Al lado del cuerpo rígido y marchito de la Virgen había un desgraciado cuyas manos habían sido cercenadas por una misteriosa intervención divina. Una intervención tan secreta que el resto de personajes del cuadro no se percataban del hecho y seguían con el funeral.
—No recuerdo dónde aparece esto en las Escrituras —intervino Rebecca.
—La Biblia no es el único camino hasta Dios —le contestó el tipo con gravedad—. Y algunos sabemos leer entre líneas.
—Y hay quien tiene la imaginación desbordada —aduje yo—. Pero sigo sin entenderlo. ¿Por qué ha profanado ese hombre el cadáver de la Virgen? ¿Con qué fin?
—Pues porque es judío.
—¿Sólo por eso? —preguntó Rebecca.
—¿Qué más necesitaría un judío?
—Una razón —contesté yo—. ¿Acaso María no era judía, e incluso Cristo era medio hebreo?
Los ojuelos de aquel hombre brillaron de ira e incluso en la oscuridad de la iglesia pude verle enrojecer.
—¿Por qué iba a hacerle algo así un judío a otro? —continué—. A menos que…
Me miró expectante.
—A menos que para él ese cuerpo no sea el de una persona, sino un modelo en cera o en grasa y quiera quitarle un pedazo para ali mentar su lámpara. Pero en ese caso, ¿por qué iba a castigarle Dios?
—¡Blasfemo! —rugió aquel demente, y vi que el guardián de la iglesia nos miraba con inquietud.
Rebecca me tiró de la manga, pero yo no podía dejarlo pasar.

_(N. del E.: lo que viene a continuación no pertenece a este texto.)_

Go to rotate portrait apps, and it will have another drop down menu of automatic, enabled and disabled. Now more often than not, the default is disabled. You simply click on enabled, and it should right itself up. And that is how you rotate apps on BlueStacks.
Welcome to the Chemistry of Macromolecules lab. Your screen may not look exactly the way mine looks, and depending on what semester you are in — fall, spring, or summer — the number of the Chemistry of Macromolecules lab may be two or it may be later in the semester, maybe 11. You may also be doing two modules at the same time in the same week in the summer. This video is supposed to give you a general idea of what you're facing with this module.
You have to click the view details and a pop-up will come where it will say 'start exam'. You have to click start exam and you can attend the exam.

—No, señor. Si pinta usted un garabato en la pared y dice que es la Virgen, yo no soy un blasfemo por afirmar que es el garabato de un niño. A lo que me refiero en ese caso es a su habilidad como pintor, o mejor a su falta de ella, y no a la Virgen.
—¡Blasfemia!
El vigilante iba hacia la puerta lateral y Rebecca me musitó algo en voz baja. Había llegado la hora de marcharse.

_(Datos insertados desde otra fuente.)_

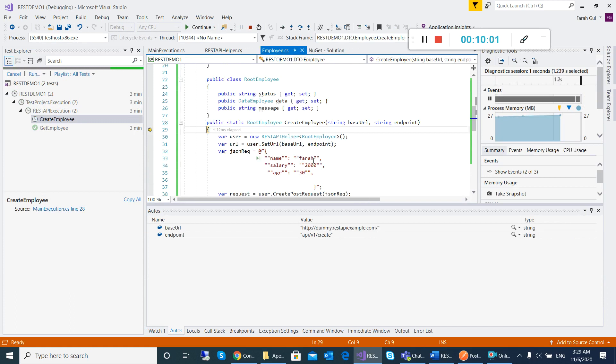I will call CreateEmployee. When it goes into the CreateEmployee method, first you need the REST API Helper object to be called, and then the base URL.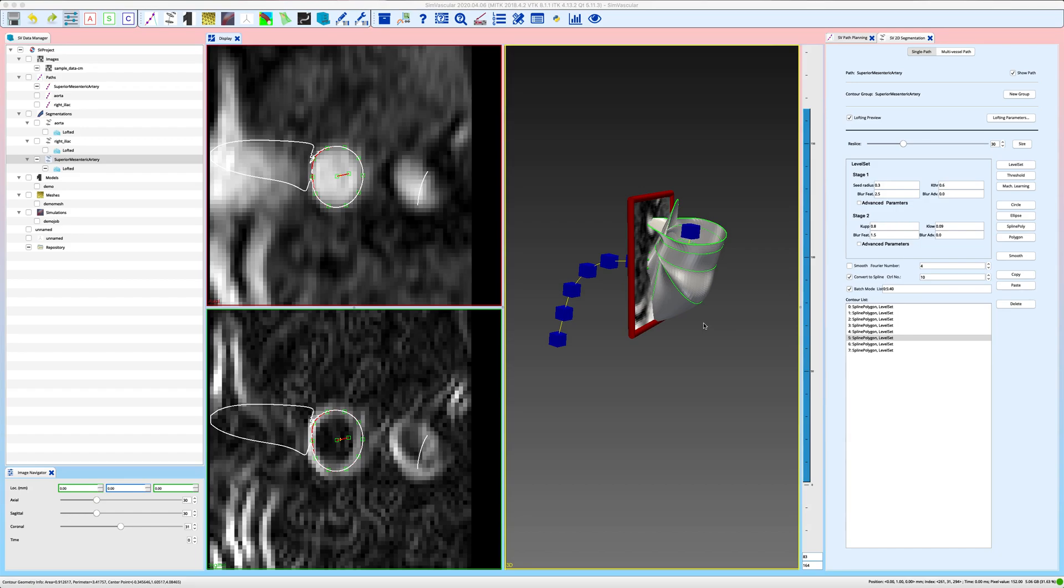Okay, so this was all I wanted to quickly show you about 2D segmentations. Thanks for watching.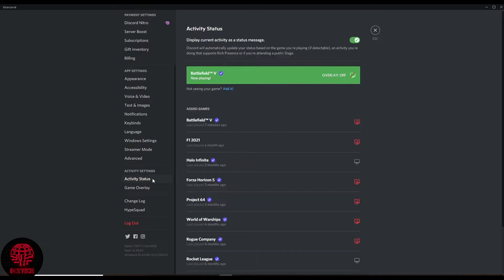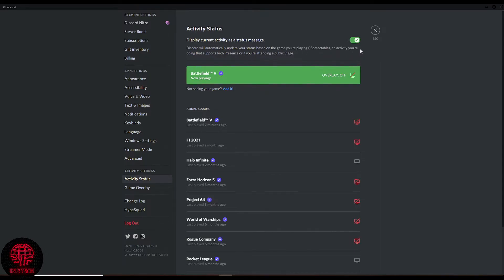From within this Activity Status menu, you simply need to go to the top where it says Display Current Activity as a Status Message. Toggle that green tick to a cross, hit the Escape button, and you're done.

A paso rápido, casi corriendo para hacer honor a la verdad, salimos por la puerta principal y nos perdimos en la noche. Y menos mal que lo hicimos porque vimos a un par de soldados correr hacia la iglesia cuando nosotros girábamos en dirección a San Casiano para buscar una góndola y que Rebecca, de nuevo con su disfraz de Roberto, entrase en el gueto.

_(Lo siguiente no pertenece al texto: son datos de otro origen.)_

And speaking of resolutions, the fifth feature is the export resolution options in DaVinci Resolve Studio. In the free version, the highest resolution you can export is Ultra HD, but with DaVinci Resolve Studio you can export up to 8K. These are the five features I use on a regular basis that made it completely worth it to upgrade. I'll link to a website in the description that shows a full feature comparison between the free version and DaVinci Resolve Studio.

Cuando estábamos ya en el terreno familiar del puente, Rebecca se volvió para decirme:
—Un día vas a conseguir que nos maten, Lorenzo.
—Tonterías. Ese patán no era más que un charlatán. La basura no es más que eso, basura, y pintar a la Virgen para evitar que alguien se lo diga, es una ruindad.
—Entonces, cuando yo escriba un concierto malo, ¿me abuchearás con los demás?
—Desde luego. Puede que incluso más que los demás, porque soy uno de los que mejor sabe lo que eres capaz de hacer.
Ella volvió a reír de esa manera tan peculiar suya. Estábamos ya cerca del puente y se cubrió la cabeza con la capucha mientras que yo empezaba a madurar una excusa, aunque el guardia, medio bebido, ni siquiera me prestó atención.
La acompañé hasta la puerta. Jacopo abrió y nos vio riendo.
—No tenéis vergüenza —nos reprendió—. Cualquier día vamos a ver vuestras cabezas colgando de un palo.
Rebecca le besó en la mejilla.
—Lo que sí vas a ver es a unos cuantos arrodillados a mis pies cuando descubran que la Serenissima tiene un nuevo maestro de música.
—Ya.
Jacopo hubiera querido contestarle a su hermana, pero no pudo hacerlo. Y al mirarme supe qué hubiera dicho.